# MyOpenMath/Solutions/Gauss law (TF)

These questions are inspired by MyOpenMath/Solutions/Gauss law (TF)/Proof

### $dA_{1}=dA_{3}\;?$ This is NOT generally true. By the definition of solid angle, the projection of $d{\vec {S}}$ along the ${\hat {r}}$ does obey a conservation law. The surface area element is $d{\vec {S}}={\hat {n}}dA$ , and the projection of this surface along the radial ${\hat {r}}$ can be used to define the solid angle of a flux cone:

$d\Omega ={\frac {d{\vec {S}}_{1}\cdot {\hat {r}}}{r_{1}^{2}}}={\frac {d{\vec {S}}_{3}\cdot {\hat {r}}}{r_{3}^{2}}}={\frac {{\hat {n}}_{1}\cdot {\hat {r}}dA_{1}}{r_{1}^{2}}}={\frac {{\hat {n}}_{3}\cdot {\hat {r}}dA_{3}}{r_{3}^{2}}}$ Since ${\hat {n}}_{j}\cdot {\hat {r}}=\cos \theta _{j}$ , we have:

${\frac {dA_{1}}{dA_{3}}}=\left({\frac {r_{1}}{r_{3}}}\right)^{2}\left({\frac {\cos \theta _{3}}{\cos \theta _{1}}}\right)$ From the figure, $r_{3}>r_{1}$ . But there is no hint as to the angle between the unit normal ${\hat {n}}$ and the radial unit vector ${\hat {r}}$ , except that since the ${\vec {r}}$ exits the surface at both points, we know that:

$\cos \theta _{1}>0{\text{ AND }}\cos \theta _{3}>0$ While for some orientations of the surface areas at 1 and 3, the statement, $dA_{1}=dA_{3}$ , could be true, the statement is not generally true.

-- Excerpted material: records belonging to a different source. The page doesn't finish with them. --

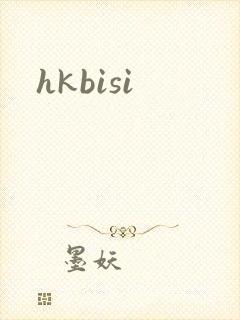 hkbisi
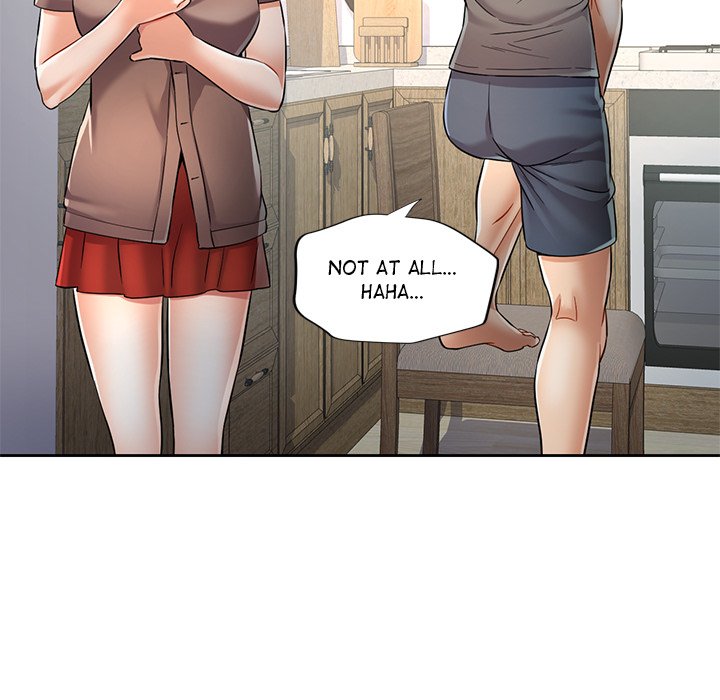 In Her Place - Chapter 7 [photo 72] - MangaPorn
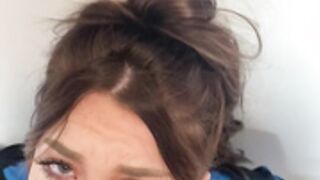 Callmeslooo Blowjob Onlyfans 2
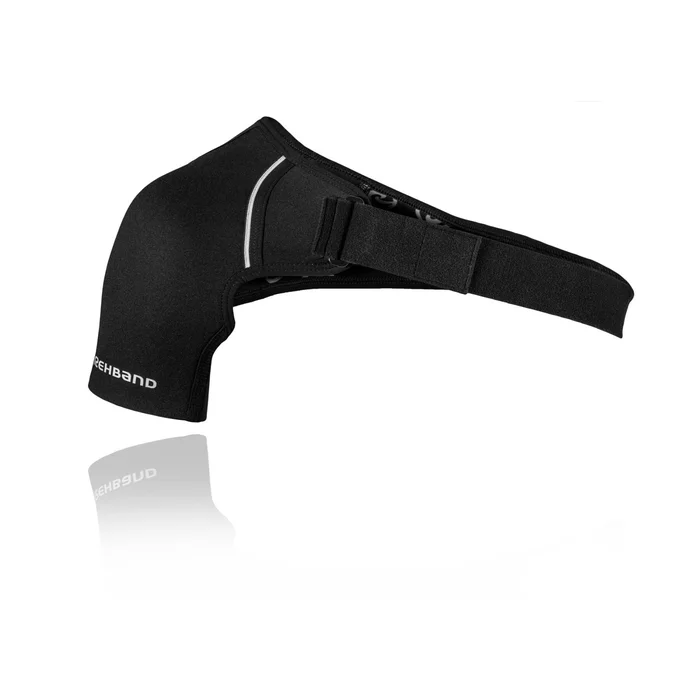 Support u00e9pauliu00e8re gauche Rehband Ud line [Taille S]
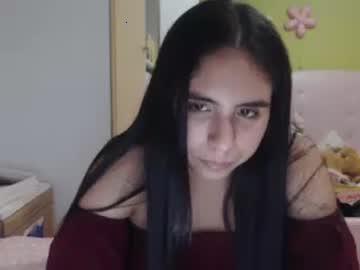 danielaurlove chaturbate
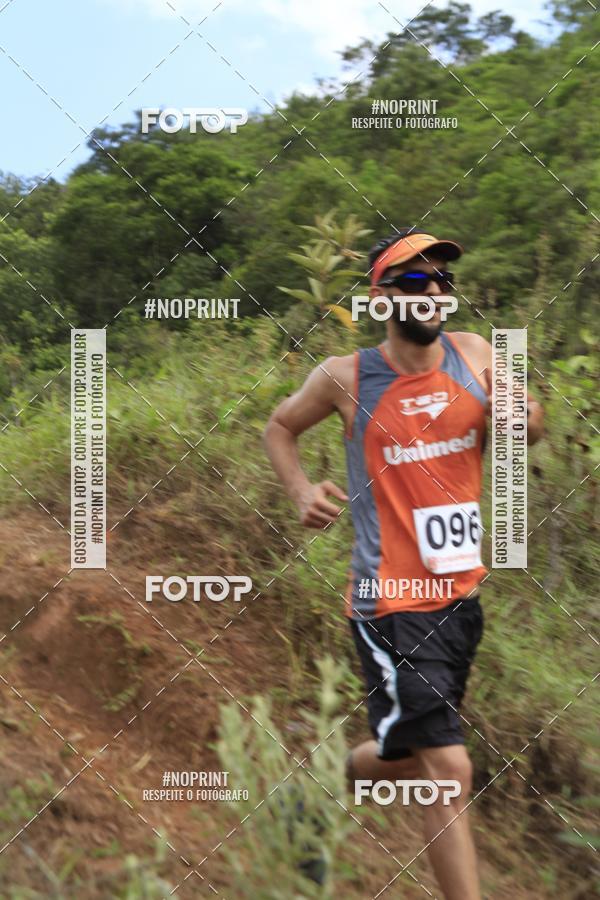 Buy your photos of the event1 Corrida de Montanha - Catas Altas on Fotop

### ${\vec {E_{1}}}\cdot d{\vec {S_{1}}}={\vec {E_{3}}}\cdot d{\vec {S_{3}}}\;?$ This is generally true. Since the electric field falls as $1/r^{2}$ and points in the ${\hat {r}}$ direction, each term is directly proportional a solid angle. Moreover, since the flux cone exits at both points, the angle between the outward unit normal and the electric field is less than 90°. It must be emphasized that this is true because there is only one point charge is present.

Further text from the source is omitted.